PROBLEM REQUIREMENTS:
Make an exact transcription of the data below.

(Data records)
*****
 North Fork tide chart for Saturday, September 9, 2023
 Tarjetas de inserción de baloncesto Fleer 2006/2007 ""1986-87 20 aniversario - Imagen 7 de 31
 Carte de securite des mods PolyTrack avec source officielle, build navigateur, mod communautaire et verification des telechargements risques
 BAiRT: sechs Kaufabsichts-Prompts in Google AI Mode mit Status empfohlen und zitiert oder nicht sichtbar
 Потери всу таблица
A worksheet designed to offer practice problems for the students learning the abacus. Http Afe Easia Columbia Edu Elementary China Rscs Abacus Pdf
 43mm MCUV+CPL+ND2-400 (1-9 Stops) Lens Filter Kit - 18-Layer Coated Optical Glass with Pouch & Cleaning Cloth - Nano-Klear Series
*****
RESPONSE AREA:
 North Fork tide chart for Saturday, September 9, 2023
 Tarjetas de inserción de baloncesto Fleer 2006/2007 ""1986-87 20 aniversario - Imagen 7 de 31
 Carte de securite des mods PolyTrack avec source officielle, build navigateur, mod communautaire et verification des telechargements risques
 BAiRT: sechs Kaufabsichts-Prompts in Google AI Mode mit Status empfohlen und zitiert oder nicht sichtbar
 Потери всу таблица
A worksheet designed to offer practice problems for the students learning the abacus. Http Afe Easia Columbia Edu Elementary China Rscs Abacus Pdf
 43mm MCUV+CPL+ND2-400 (1-9 Stops) Lens Filter Kit - 18-Layer Coated Optical Glass with Pouch & Cleaning Cloth - Nano-Klear Series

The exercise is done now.